Rien ne dit toutefois que la nouvelle équipe de la MSDTF se montrera ouvertement hostile à Pravind Jugnauth ni qu’elle s’engagera à faire de la politique active en faveur de Navin Ramgoolam. Toutefois, comme l’a souligné Nad Sivaramen, les élections de dimanche constituent un paradigm shift. Une nouvelle équation entre dans le jeu politique. Mais aussi dans l’administration publique, constituée majoritairement d’éléments qui exercent une certaine influence sur le plan politique et électoral. Puisque des scandales se produisent de façon régulière pour compromettre des dirigeants du MSM, les fonctionnaires appelés à exécuter des ordres des ministres se montreront davantage vigilants pour insister sur le respect scrupuleux des procédures et des règles. Par exemple, en dehors des questions de gestion problématique de fonds publics, il serait intéressant de savoir si des fonctionnaires ont été impliqués dans la rédaction du communiqué que Soodhun (dans un anglais approximatif) avait publié pour annoncer la rupture des relations diplomatiques avec le Qatar.

En exigeant le respect inconditionnel des procédures, les fonctionnaires pourraient sans le vouloir retarder la réalisation de bien des projets, alors que Pravind Jugnauth doit nécessairement présenter un bilan éloquent avant les élections générales. Il y a surtout le projet du tramway qui implique l’octroi de bien des contrats d’un montant de 18 milliards à des entités associées à une compagnie privée nouvellement créée à la State Bank. Un tel stratagème vise à contourner les règlements sur les appels d’offres. Si jamais il y a un changement de gouvernement et que le rôle des uns et des autres soit soumis à une commission d’enquête, des fonctionnaires n’ayant pas pris des précautions nécessaires pourraient se retrouver en difficulté.

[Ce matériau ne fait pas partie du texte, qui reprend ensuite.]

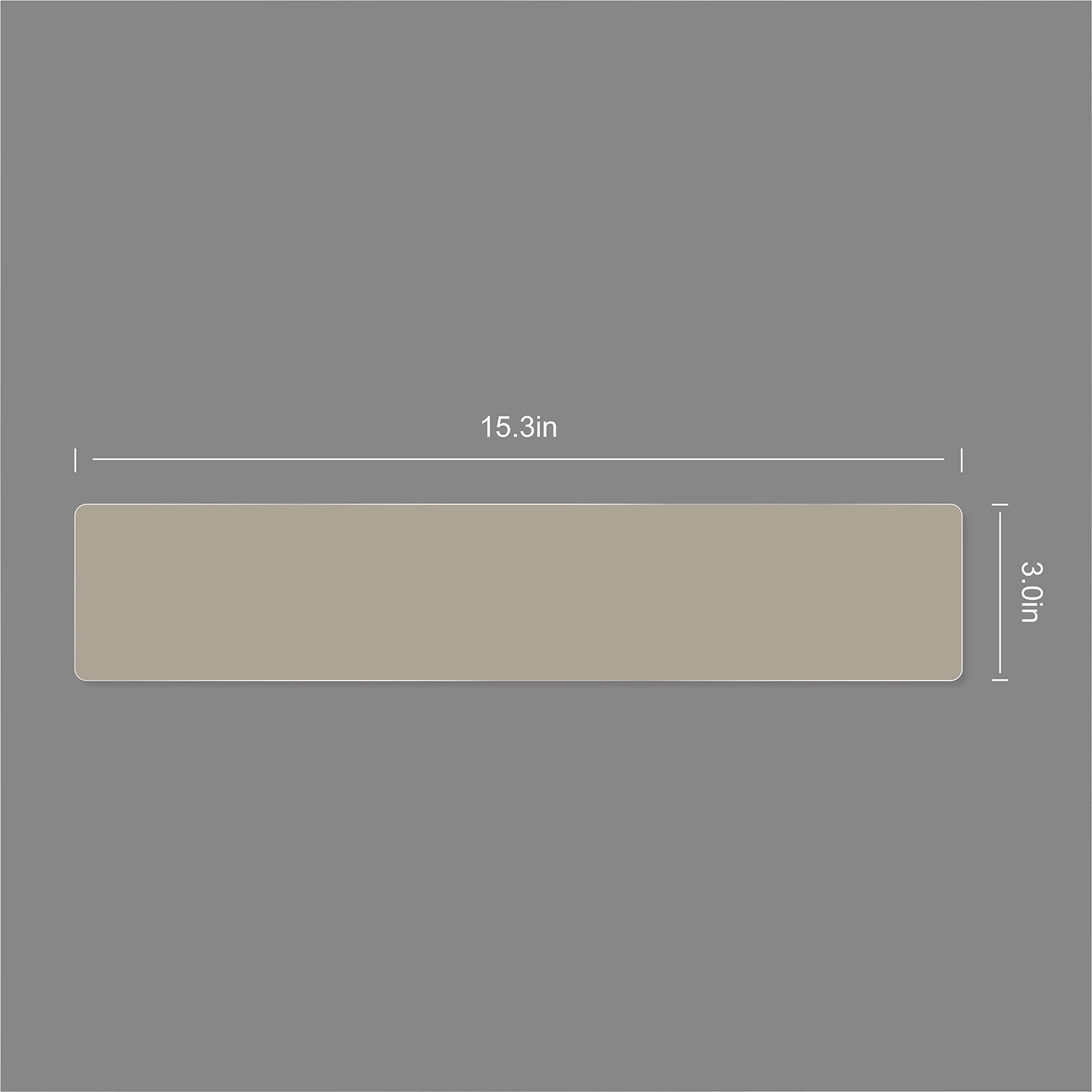 Winnerwell® 15.3"x3" Side Glass Replacement for 1G & External Air Woodlander Double View L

Même les dépenses encourues par le gouvernement lors des conférences de presse hebdomadaires d’Étienne Sinatambou pourraient compromettre des fonctionnaires si des procédures n’ont pas été suivies car on ne peut légalement utiliser les ressources d’État à des fins partisanes.

Le fait que des votants à la MSDTF – dont beaucoup de fonctionnaires et de petits entrepreneurs – aient fait fi des consignes de l’hôtel du gouvernement représente un gamechanger. Pravind Jugnauth est condamné à réaliser des missions impossibles avant l’échéance des prochaines élections générales. Des missions impossibles surpassant même celles de Tom Cruise, afin de faire oublier l’épisode tyrolienne de Rodrigues, la défaite de Dulthumun et l’amoncellement de scandales depuis 2015.